» DATASET ENTRIES
▬▬▬

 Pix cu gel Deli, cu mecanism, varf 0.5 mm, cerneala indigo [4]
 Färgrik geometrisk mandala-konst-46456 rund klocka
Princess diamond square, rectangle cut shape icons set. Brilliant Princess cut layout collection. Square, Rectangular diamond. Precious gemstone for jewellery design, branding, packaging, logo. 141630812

▬▬▬

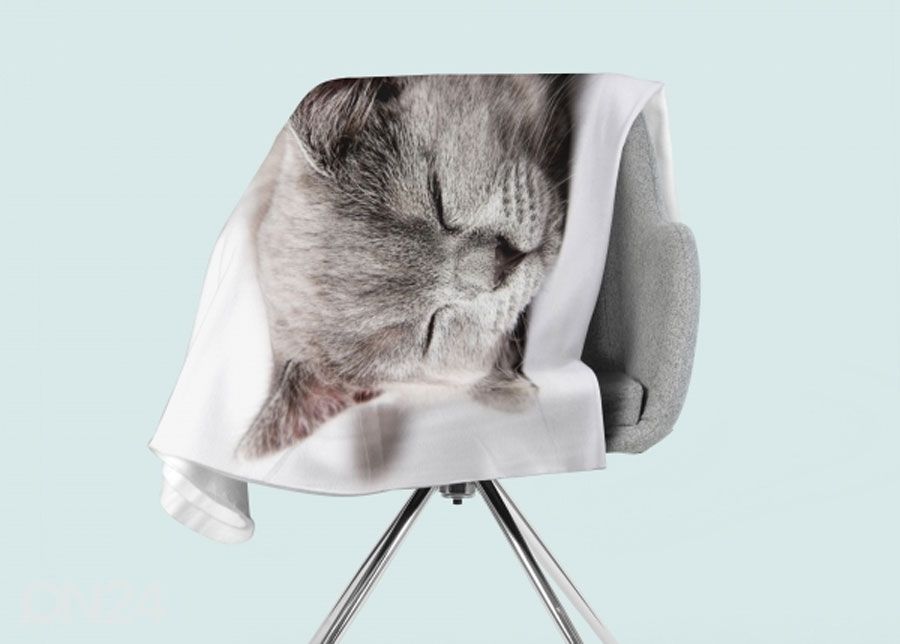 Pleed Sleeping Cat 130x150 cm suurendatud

▬▬▬

» EXERCISE DETAILS
Lines wanted from the listing above: the line with "Pix cu gel Deli, cu" up to and including the line with "Princess diamond square, rectangle". Please write them out exactly, adding nothing else.

» SOLUTION BELOW
 Pix cu gel Deli, cu mecanism, varf 0.5 mm, cerneala indigo [4]
 Färgrik geometrisk mandala-konst-46456 rund klocka
Princess diamond square, rectangle cut shape icons set. Brilliant Princess cut layout collection. Square, Rectangular diamond. Precious gemstone for jewellery design, branding, packaging, logo. 141630812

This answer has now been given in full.